According to Introducing Spark Datasets:
As we look forward to Spark 2.0, we plan some exciting improvements to Datasets, specifically: ... Custom
In addition to the suggestions already given, another option I recently discovered is that you can declare your custom class including the trait org.apache.spark.sql.catalyst.DefinedByConstructorParams
.
This works if the class has a constructor that uses types the ExpressionEncoder can understand, i.e. primitive values and standard collections. It can come in handy when you're not able to declare the class as a case class, but don't want to use Kryo to encode it every time it's included in a Dataset.
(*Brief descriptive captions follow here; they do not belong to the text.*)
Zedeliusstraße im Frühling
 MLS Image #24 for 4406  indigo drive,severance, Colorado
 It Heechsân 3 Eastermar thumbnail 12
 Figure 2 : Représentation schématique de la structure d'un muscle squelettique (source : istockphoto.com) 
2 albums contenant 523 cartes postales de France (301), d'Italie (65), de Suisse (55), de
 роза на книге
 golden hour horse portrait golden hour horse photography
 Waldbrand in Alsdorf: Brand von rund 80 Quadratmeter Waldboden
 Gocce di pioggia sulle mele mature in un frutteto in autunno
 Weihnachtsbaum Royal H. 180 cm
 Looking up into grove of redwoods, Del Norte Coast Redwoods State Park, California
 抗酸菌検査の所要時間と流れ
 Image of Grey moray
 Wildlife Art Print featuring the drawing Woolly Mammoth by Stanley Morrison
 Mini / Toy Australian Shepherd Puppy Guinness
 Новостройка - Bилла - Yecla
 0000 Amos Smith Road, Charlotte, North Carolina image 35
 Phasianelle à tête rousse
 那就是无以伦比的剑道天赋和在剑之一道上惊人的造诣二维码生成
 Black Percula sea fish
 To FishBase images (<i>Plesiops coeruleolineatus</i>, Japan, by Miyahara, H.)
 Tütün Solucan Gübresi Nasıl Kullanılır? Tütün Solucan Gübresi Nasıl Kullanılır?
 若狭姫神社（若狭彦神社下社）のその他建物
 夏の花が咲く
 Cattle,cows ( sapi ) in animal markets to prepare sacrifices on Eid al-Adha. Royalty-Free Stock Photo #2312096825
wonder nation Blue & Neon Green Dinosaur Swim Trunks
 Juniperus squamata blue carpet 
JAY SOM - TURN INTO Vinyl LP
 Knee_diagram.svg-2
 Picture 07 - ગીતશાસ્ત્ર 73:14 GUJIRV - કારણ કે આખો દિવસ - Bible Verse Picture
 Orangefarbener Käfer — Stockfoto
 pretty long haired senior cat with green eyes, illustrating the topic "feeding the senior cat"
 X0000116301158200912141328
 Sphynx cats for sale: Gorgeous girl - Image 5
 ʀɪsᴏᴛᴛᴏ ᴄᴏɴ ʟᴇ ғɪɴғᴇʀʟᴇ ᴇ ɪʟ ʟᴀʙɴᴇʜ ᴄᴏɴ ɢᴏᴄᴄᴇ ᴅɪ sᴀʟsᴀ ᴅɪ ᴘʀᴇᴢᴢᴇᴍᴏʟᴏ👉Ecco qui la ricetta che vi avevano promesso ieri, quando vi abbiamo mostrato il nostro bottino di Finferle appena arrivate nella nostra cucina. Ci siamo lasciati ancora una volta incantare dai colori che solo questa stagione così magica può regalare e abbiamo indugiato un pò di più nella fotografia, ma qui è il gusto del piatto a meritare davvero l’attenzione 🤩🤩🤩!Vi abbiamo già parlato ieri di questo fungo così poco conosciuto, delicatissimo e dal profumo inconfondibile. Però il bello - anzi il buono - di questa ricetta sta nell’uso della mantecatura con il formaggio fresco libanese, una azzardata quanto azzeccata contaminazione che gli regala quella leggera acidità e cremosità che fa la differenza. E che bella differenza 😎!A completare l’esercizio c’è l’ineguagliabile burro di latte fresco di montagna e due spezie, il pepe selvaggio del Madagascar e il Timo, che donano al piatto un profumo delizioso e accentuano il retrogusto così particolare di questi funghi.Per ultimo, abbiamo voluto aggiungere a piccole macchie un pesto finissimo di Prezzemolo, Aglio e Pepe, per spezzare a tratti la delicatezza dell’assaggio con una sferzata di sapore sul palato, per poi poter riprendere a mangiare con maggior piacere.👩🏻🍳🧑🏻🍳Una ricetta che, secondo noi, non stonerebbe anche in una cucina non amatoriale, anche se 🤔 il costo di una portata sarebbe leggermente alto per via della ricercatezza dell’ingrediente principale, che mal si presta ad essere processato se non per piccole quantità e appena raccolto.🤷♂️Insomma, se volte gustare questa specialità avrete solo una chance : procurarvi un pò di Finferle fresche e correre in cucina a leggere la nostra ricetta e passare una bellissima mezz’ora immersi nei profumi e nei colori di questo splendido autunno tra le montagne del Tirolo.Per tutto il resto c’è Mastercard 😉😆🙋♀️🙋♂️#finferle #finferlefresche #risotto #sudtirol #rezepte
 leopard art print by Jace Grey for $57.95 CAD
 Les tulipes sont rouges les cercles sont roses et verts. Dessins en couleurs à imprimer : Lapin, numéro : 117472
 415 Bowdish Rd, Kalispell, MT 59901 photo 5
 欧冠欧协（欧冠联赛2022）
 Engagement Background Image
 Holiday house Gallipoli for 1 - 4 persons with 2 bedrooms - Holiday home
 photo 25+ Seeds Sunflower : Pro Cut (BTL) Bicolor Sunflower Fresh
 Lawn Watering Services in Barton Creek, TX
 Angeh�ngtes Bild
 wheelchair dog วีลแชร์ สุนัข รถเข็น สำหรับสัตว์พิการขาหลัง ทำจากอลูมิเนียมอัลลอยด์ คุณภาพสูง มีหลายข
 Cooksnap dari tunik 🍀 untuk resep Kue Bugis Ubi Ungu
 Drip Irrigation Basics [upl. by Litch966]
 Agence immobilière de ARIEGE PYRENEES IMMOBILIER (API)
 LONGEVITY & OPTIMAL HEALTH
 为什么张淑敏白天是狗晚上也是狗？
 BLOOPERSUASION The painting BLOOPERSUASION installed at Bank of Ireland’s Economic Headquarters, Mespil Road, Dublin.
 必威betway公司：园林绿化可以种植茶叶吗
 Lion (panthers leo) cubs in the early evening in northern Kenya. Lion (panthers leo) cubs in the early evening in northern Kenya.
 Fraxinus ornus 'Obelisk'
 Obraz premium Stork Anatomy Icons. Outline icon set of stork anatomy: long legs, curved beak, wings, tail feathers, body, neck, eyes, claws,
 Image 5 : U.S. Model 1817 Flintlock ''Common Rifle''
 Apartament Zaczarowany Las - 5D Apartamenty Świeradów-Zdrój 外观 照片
For example, I wanted to declare a case class that included a Breeze vector. The only encoder that would be able to handle that would normally be Kryo. But if I declared a subclass that extended the Breeze DenseVector and DefinedByConstructorParams, the ExpressionEncoder understood that it could be serialized as an array of Doubles.
Here's how I declared it:
class SerializableDenseVector(values: Array[Double]) extends breeze.linalg.DenseVector[Double](values) with DefinedByConstructorParams
implicit def BreezeVectorToSerializable(bv: breeze.linalg.DenseVector[Double]): SerializableDenseVector = bv.asInstanceOf[SerializableDenseVector]
Now I can use SerializableDenseVector
in a Dataset (directly, or as part of a Product) using a simple ExpressionEncoder and no Kryo. It works just like a Breeze DenseVector but serializes as an Array[Double].